Em entrevista ao portal da Jovem Pan News, o cientista político e professor de relações internacionais do Insper Leandro Consentino analisou as possíveis consequências, dizendo que o conflito gera um fator de instabilidade e pode “abrir as portas” para que antigos confrontos ressurjam. “[O confronto] Impacta a Ásia por conta de uma instabilidade a mais no cenário da região. Gera mais um fator de instabilidade, que deixa mais acesa e acirrada a disputa de algumas potências da região, sobretudo pensando em Rússia e Turquia nesse caso, mas também envolvendo os atores locais. […] O conflito atual abre as portas [para novos ataques], assim como o conflito entre Ucrânia e Rússia pode ter aberto as portas para ofensivas mais amplas e pesadas. Esse conflito também pode acender antigos problemas, sobretudo regionais, que a Rússia conseguia administrar com sua mão pesada e que hoje já não consegue dar conta. […] O que a gente pode assistir são a pequenos conflitos, como guerras civis e disputas territoriais menores no outrora âmbito de atuação da Rússia. Acho que é o grande risco que a gente causa, sobretudo com o enfraquecimento da Rússia na região”, disse Consentino.
O especialista também comentou sobre o conflito de influências na disputa entre Armênia e Azerbaijão, dizendo que o Ocidente ainda não está envolvido no confronto, mas que a Turquia pode assumir o papel de oposição à Rússia, que está enfraquecida. “Sempre é possível que se usem conflitos regionais para explorar polarizações maiores. Nesse caso, pode ser que a Turquia, fazendo um papel de contraponto à Rússia, ocupe esse papel do ponto de vista das potências pró-Ocidente. O Ocidente ainda não está tão envolvido neste campo de batalha. Ainda que os Estados Unidos estivessem buscando mais influência no Cáucaso neste momento e a Europa tenha interesses pela proximidade geográfica, não é o campo em que estão travando batalhas. Acho que temos um conflito de escala regional que pode opor esses aliados orientais, a não ser que, por exemplo, a Turquia se torne uma peça do Ocidente nesse jogo mais intrincado”, afirmou o cientista político.

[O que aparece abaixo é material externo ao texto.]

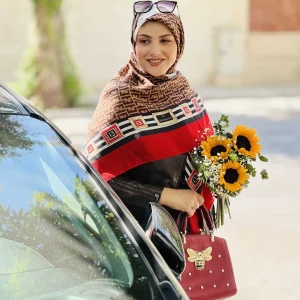 گیس بانو روسری سیا اسکارف گل رز نارنجی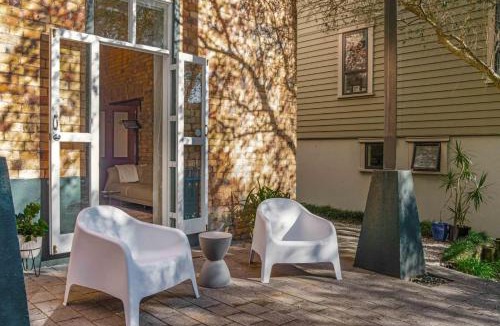 Newton Apartment | Chic City-Fringe Loft with Parking and Pool Table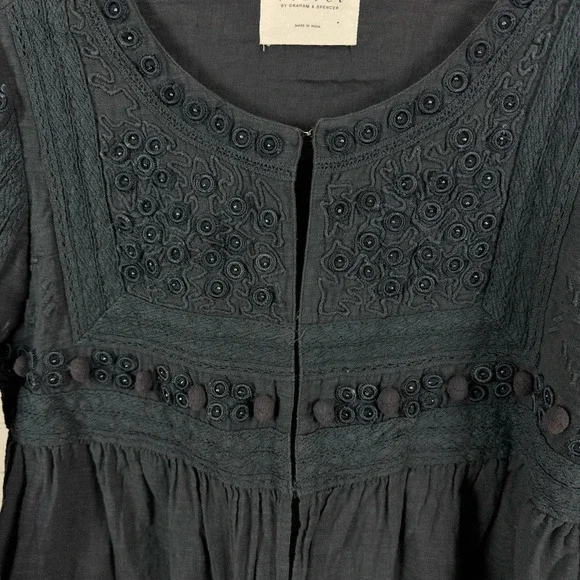 Velvet Graham & Spencer Womens Beaded Embroidered Top Gray Cotton Size Small - Picture 4 of 9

Ao falar sobre a posição dos russos, Consentino avalia que a Rússia já não é capaz de administrar outras disputas locais em sua zona de influência por estar envolvida em seu próprio confronto. “O que a gente pode antever é uma fraqueza da Rússia, nesse momento em que ela já está envolvida no próprio conflito e não consegue administrar a disputa entre vizinhos em que antes ela punha a mão pesada e, de alguma forma, conseguia pacificar. Vemos mais um ponto de fraqueza da Rússia que pode ser aproveitado pelo Ocidente”, analisa. Por fim, pensando fora da região do conflito, o especialista afirma que o confronto pode gerar instabilidade no mercado, mesmo sendo algo regional. “O mercado gosta de estabilidade, a economia prefere um mundo mais estável. Quanto mais a gente vê a conflagração de conflitos, ainda que regionais, mais instabilidade a gente observa e mais complicado fica o ambiente internacional nas questões políticas e econômicas”, concluiu.